From the report by Noel Davies, God in the Centre, commissioned by City Church's Cardiff Churches Centre in 1999.

God is present in the city, in the pains and joys of its people, in the sense of community and in exclusion. Christians are called to bear witness to that presence of God, to point to signs of that presence and celebrate it through faithfulness within the city, in worship and in festival.

Church buildings are present in the city centre to be visible signs of the Gospel. So our churches are confronted with the question: what visible signs do our buildings offer in the city centre? Are they signs of beauty, renewal, openness and hope or of urban ugliness, exclusive community and despair?

Christian communities are also present in the city centre as visible signs. They too have a vocation to openness, to diversity and inclusiveness, to love and care and judgement. Do they exist only to serve those who share in their worship or do they also seek to be signs of the Gospel to those who surround their buildings?

The church is called to critical engagement with the Institutions which are at the heart of the city centre. These institutions represent governance, power, decision—making the dissemination of wealth, the promotion of commerce and the forces of the market. The church in the centre cannot ignore the institutional life around it. We are challenged to be involved.

The people of God are not built up ‘for their work of ministry’ in isolation from the people and forces around them. The task of nurturing the church cannot be done effectively in a vacuum. God’s Spirit brings resources of word and sacrament, reflection and worship into a continuing dialogue with persons, organisations and institutions. It is a risky enterprise, for the church cannot know what God will make of it. But the struggle can be a real mark of the church.

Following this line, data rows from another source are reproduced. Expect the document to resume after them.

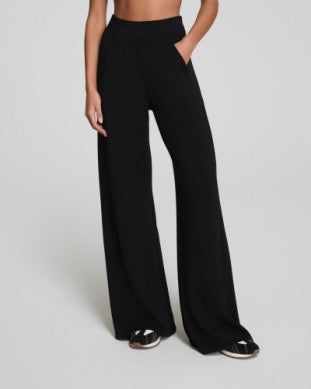 SPANX AirEssential Wide Leg Track Pant - VERY BLACK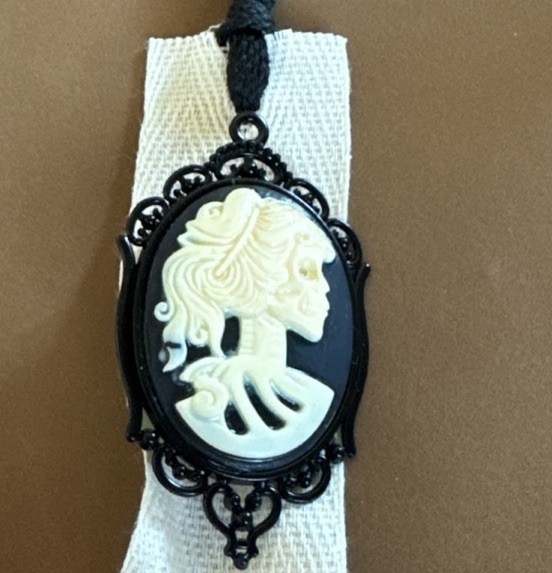 CAMEO BROOCH SKELETON HALLOWEEN JEWELRY GOTH PENDANT NEW CONDITION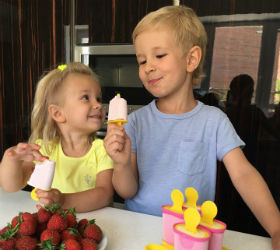 дети едят домашнее мороженое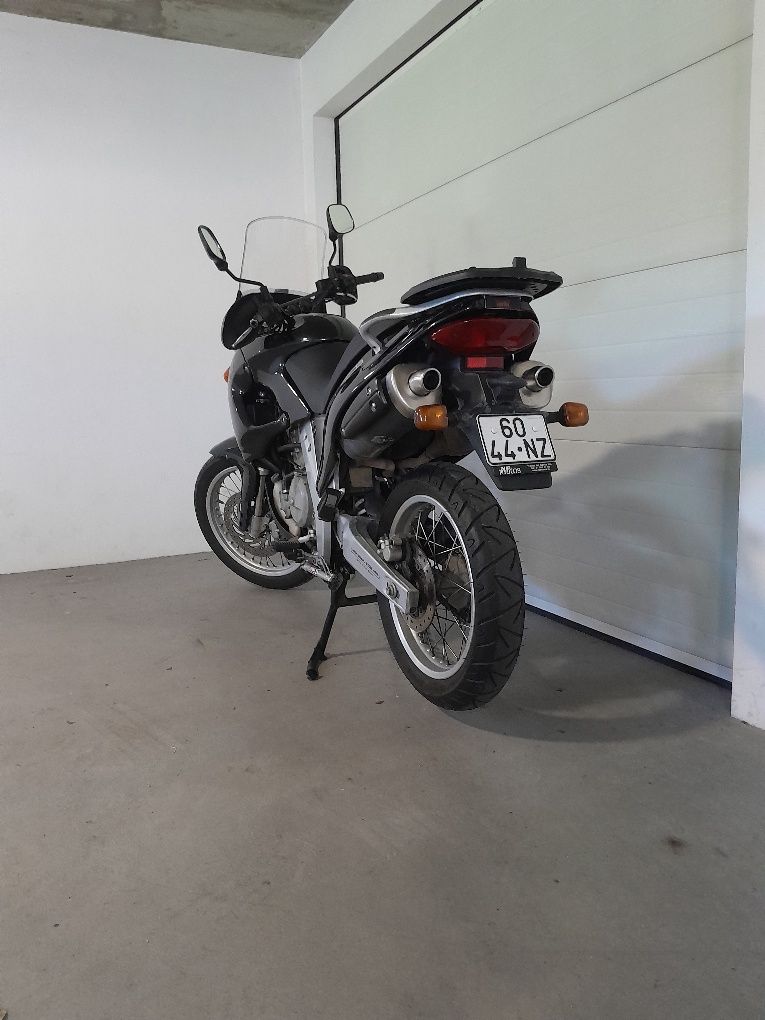 Aprilia Pegaso650
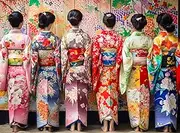 Elegant Kimono Beauties Jigsaw Puzzle - 1000 Piece Artistic Puzzle - Best Adult Jigsaw Puzzles - Vibrant Colours, Cultural Art, Premium Quality - Brain Exercise and Home Decor by Cross & Glory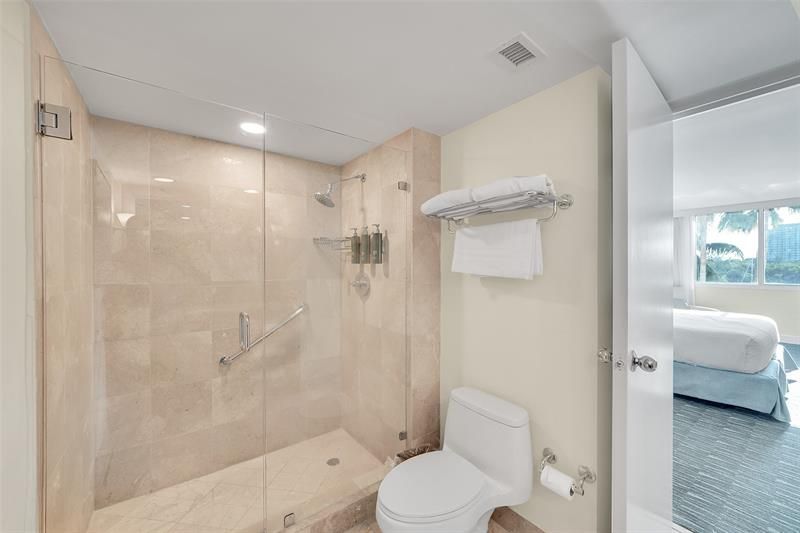 2670 E Sunrise Blvd, Unit 322, Fort Lauderdale, FL 33304 Photo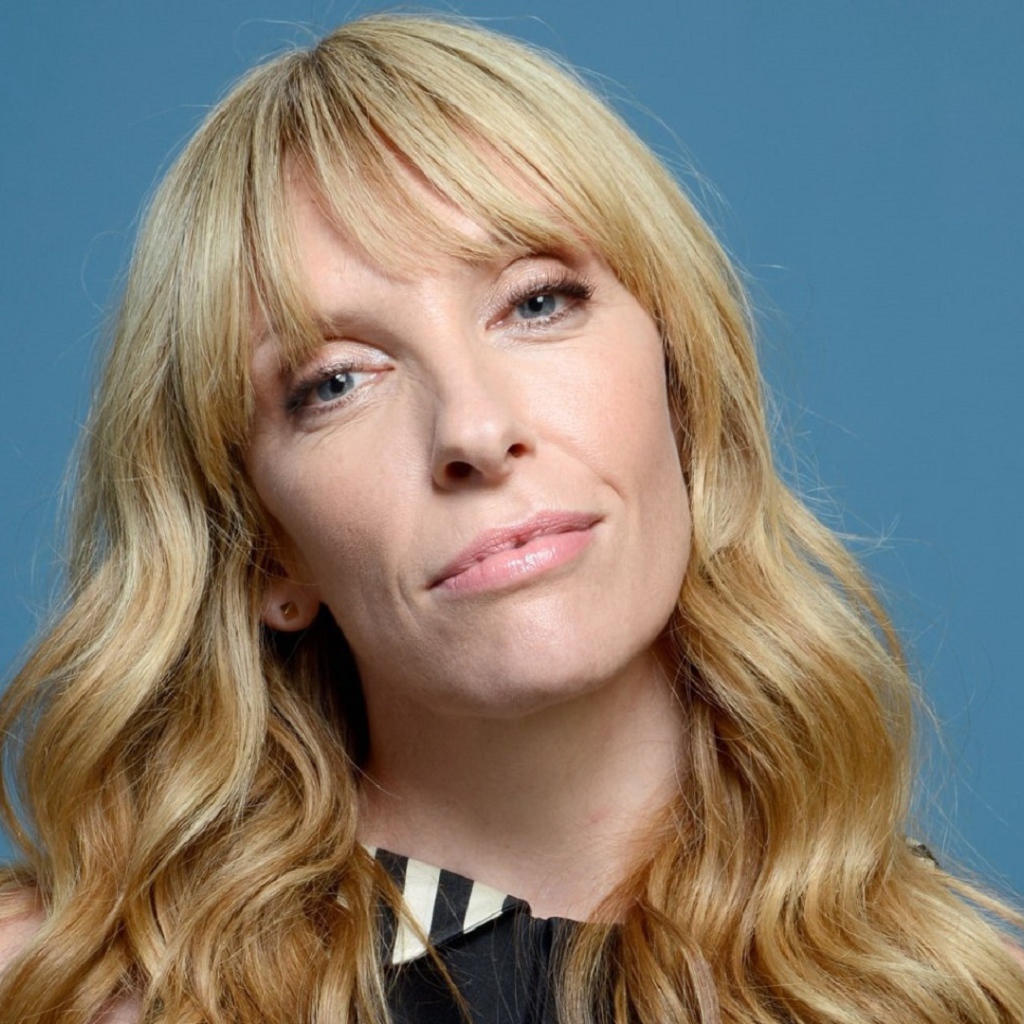 Голубоглазая блондинка, актриса Тони Коллетт на голубом фоне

Communities and institutions in the city centre can also be voices of God’s judgement. Our engagement in the city centre may therefore call our churches to repentance, to a recognition of our disobedience, our unfaithfulness to God’s covenant and our failure in being communities of openness and justice. God will use whom God will to be instruments of God’s purpose.

The church in the city centre must recognize itself as being within the world-wide church of God. The city seeks to be a city of the world. The wider vision of global responsibility can enable the church to know itself more fully as ‘the one holy, catholic and apostolic church’. Thus ‘shall all be included in the feast of life’.

And so the worship of the church in the city centre will articulates the faith and love, the yearning and hopes, not only of the Christian community, but of all those who live out their lives within the city.